### DATA FOR PROCESSING
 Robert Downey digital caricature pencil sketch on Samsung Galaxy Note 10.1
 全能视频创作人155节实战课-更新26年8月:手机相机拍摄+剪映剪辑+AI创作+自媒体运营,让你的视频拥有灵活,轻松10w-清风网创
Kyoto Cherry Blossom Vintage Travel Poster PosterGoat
--
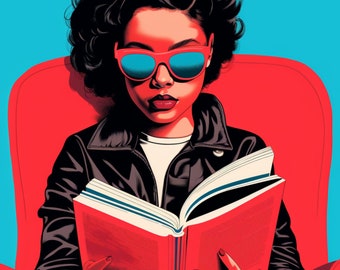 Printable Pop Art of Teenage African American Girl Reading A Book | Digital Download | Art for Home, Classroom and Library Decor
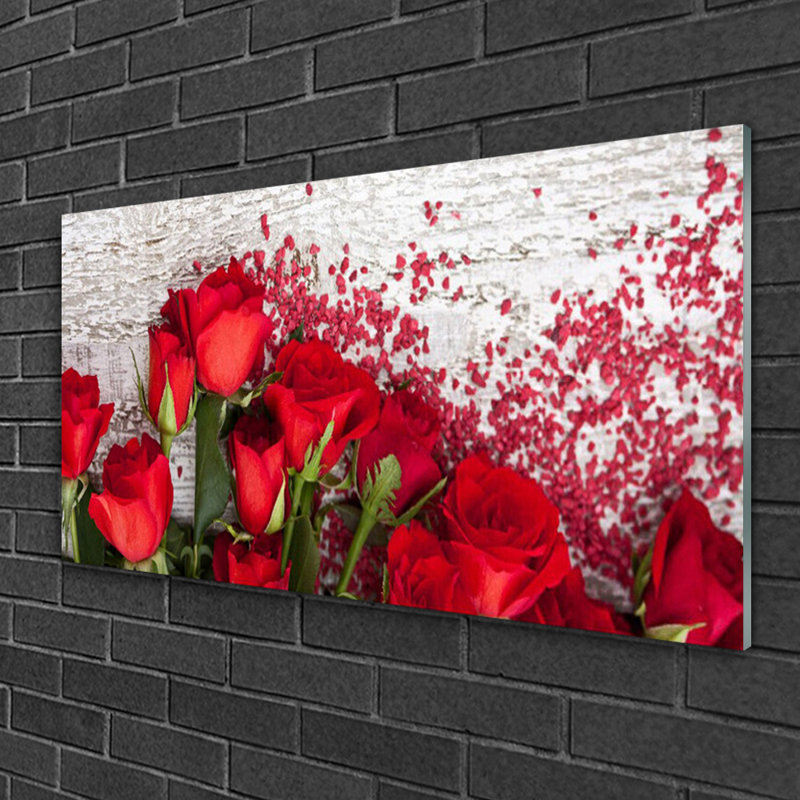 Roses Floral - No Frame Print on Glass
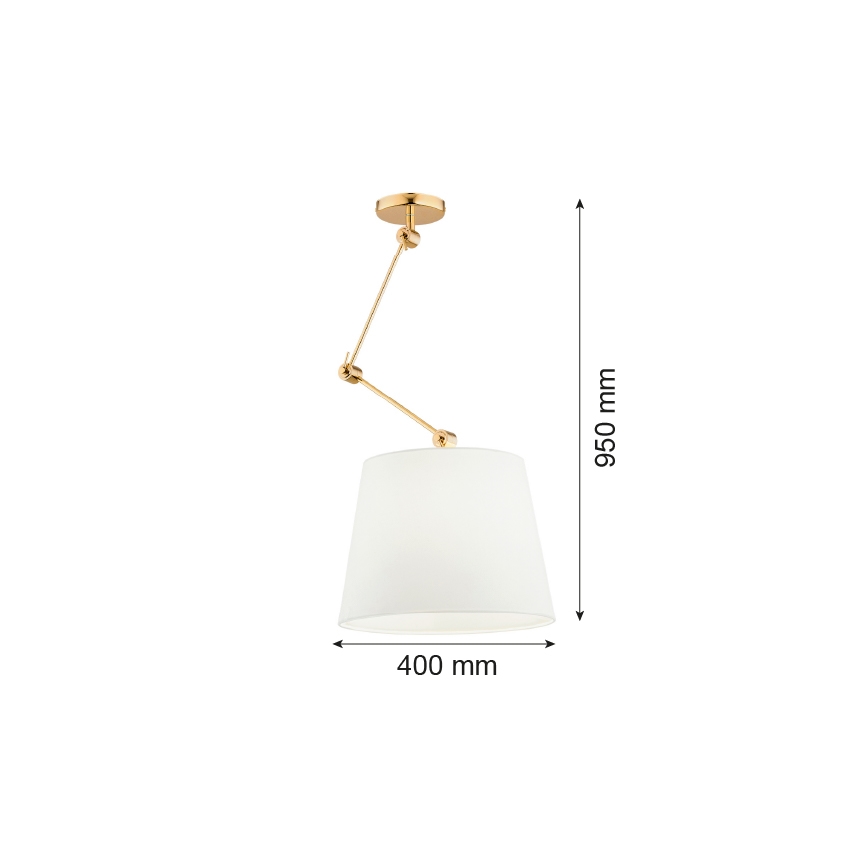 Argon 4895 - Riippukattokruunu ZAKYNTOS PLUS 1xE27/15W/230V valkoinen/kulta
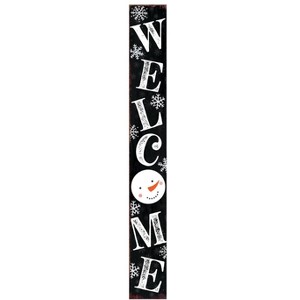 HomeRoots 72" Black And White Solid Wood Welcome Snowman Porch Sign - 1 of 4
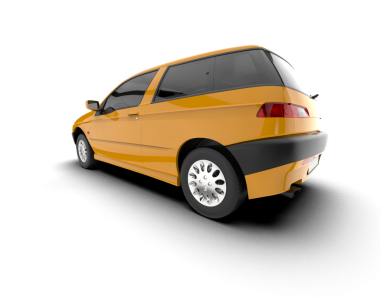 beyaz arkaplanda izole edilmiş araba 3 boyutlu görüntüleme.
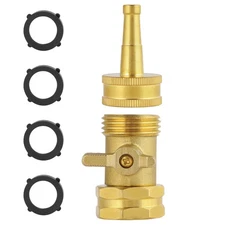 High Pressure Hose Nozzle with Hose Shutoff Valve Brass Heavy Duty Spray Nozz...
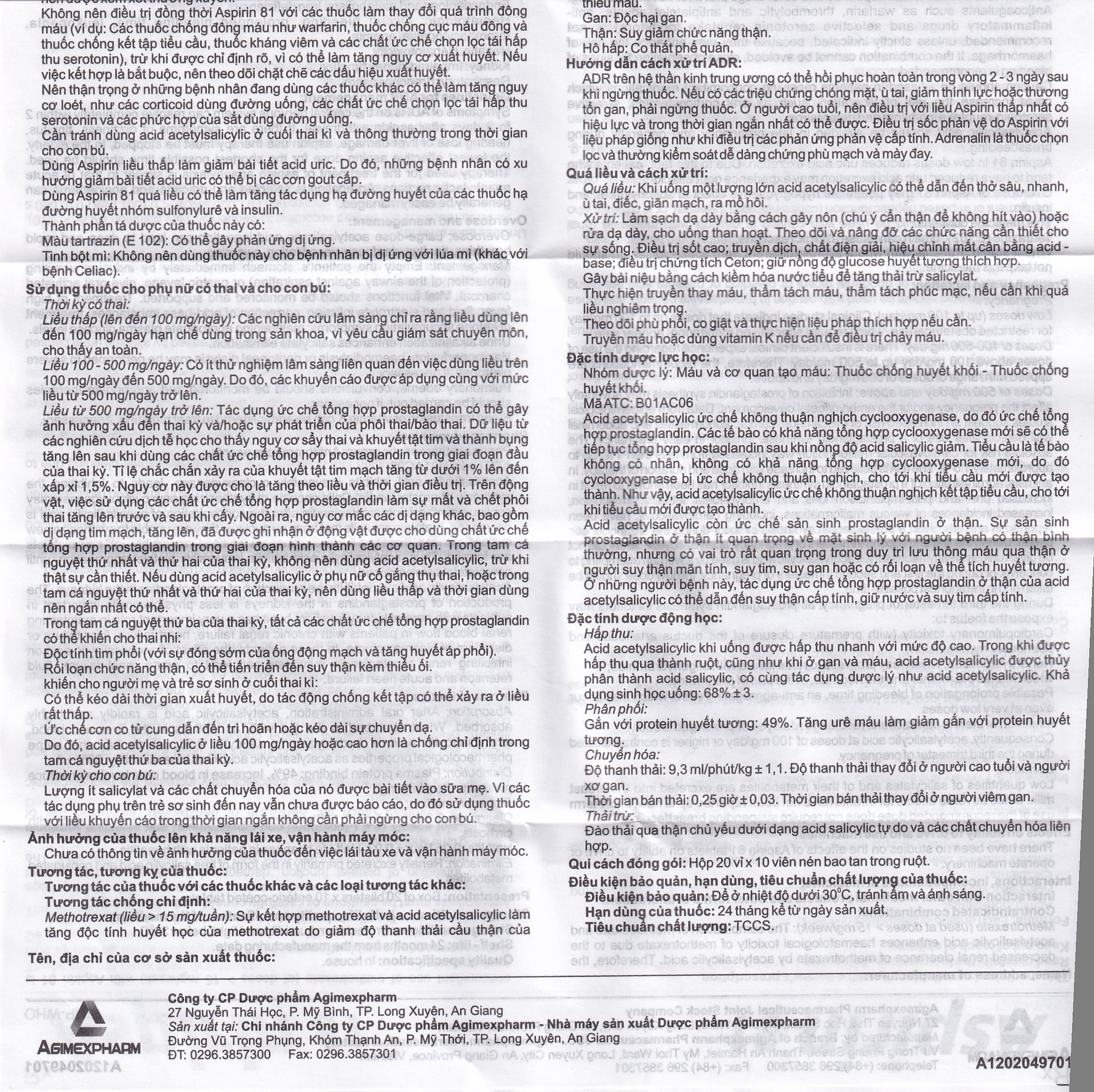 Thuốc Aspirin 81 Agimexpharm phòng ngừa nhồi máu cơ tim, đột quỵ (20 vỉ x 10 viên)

### WORK REQUIRED
Begin with the line that has "Robert Downey digital" in the listing above and end after the line that has "Kyoto Cherry Blossom"; output those lines exactly.

### REPLY TO THE EXERCISE
 Robert Downey digital caricature pencil sketch on Samsung Galaxy Note 10.1
 全能视频创作人155节实战课-更新26年8月:手机相机拍摄+剪映剪辑+AI创作+自媒体运营,让你的视频拥有灵活,轻松10w-清风网创
Kyoto Cherry Blossom Vintage Travel Poster PosterGoat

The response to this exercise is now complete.